In focus today
The US ISM Services index is due for release for August in the afternoon. While the index has remained volatile over the past years, most leading services indicators have continued to signal solid growth ahead. ADP private sector employment growth is also due for release for August and could provide some hints on what to expect from tomorrow’s Jobs Report.
Economic and market news
What happened overnight
In Japan, nominal wages rose 3.6% y/y in July compared to 4.5% in June, while real wages rose at a slower pace in July edging up 0.4% y/y compared to 1.1%, marking the second consecutive month of increases driven by pay hikes and summer bonuses. Wage growth is key for the Bank of Japan’s (BoJ) decisions in H2, with BoJ Governor Ueda emphasizing that broad pay increases must accompany rising prices for inflation to sustainably reach the 2% target. BoJ board member Takata echoed this, stating the BoJ could raise rates further if inflation roughly meets forecasts and companies continue to boost spending and wages, adding that recent market turmoil would not derail the bank’s long-term rate hike plan.
What happened yesterday
In the US, July’s JOLTs labour market data was significantly weaker than anticipated. Job openings dropped 7.7m (cons: 8.1m), the lowest level since 2021, while the June figure was revised down by 274k. At the same time, involuntary layoffs climbed higher to 1.8m from 1.6m, nearing pre-pandemic levels. Hires where little changed at 5.5m, whereas total separations increased by 336k to 5.4m.

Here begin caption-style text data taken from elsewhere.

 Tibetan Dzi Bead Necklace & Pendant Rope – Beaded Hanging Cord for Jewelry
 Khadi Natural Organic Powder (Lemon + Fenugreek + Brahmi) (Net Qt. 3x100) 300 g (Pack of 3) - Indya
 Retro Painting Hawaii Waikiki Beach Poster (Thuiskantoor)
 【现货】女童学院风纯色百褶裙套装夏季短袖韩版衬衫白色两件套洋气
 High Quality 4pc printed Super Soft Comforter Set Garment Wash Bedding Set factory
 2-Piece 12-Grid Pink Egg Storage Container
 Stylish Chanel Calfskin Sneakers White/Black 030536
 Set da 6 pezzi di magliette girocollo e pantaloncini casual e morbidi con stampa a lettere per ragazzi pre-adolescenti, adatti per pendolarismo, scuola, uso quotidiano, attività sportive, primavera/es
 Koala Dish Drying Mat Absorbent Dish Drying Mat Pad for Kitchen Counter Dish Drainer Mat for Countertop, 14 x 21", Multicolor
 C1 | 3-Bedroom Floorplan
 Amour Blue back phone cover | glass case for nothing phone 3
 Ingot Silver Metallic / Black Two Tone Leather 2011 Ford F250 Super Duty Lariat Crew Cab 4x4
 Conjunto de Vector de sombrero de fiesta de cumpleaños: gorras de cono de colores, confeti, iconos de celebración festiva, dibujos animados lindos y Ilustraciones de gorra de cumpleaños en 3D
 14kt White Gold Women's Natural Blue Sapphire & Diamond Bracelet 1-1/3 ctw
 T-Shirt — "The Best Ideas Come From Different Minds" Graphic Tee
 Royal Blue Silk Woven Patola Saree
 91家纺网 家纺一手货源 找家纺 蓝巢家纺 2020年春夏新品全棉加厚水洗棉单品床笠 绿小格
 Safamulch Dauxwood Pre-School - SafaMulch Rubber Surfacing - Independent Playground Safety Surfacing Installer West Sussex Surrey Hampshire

The ratio of job openings to unemployed is now 1.07, falling below typical 2019 levels for the first time since the pandemic began. This aligns with Fed Chair Powell’s Jackson Hole remarks that labour market conditions are already weaker than before Covid. Similarly, Atlanta Fed President Bostic emphasized maintaining restrictive policy for too long could disrupt the labour market and cause unnecessary hardship. Historically, further declines in labour demand from this point have often also translated into more pronounced upticks in unemployment rate. Markets reacted promptly, now viewing the FOMC’s September meeting as a 50/50 chance between a 25bp or 50bp rate cut – we expect 25bp. However, it must be noted that this was backward-looking data for July. The heavyweight is yet to come, with the August Jobs Report on Friday.
On the political front, Democratic presidential candidate Kamala Harris has proposed to increase the top capital gains tax rate to 28% compared to President Biden’s earlier budget plan to raise it to 39.6%.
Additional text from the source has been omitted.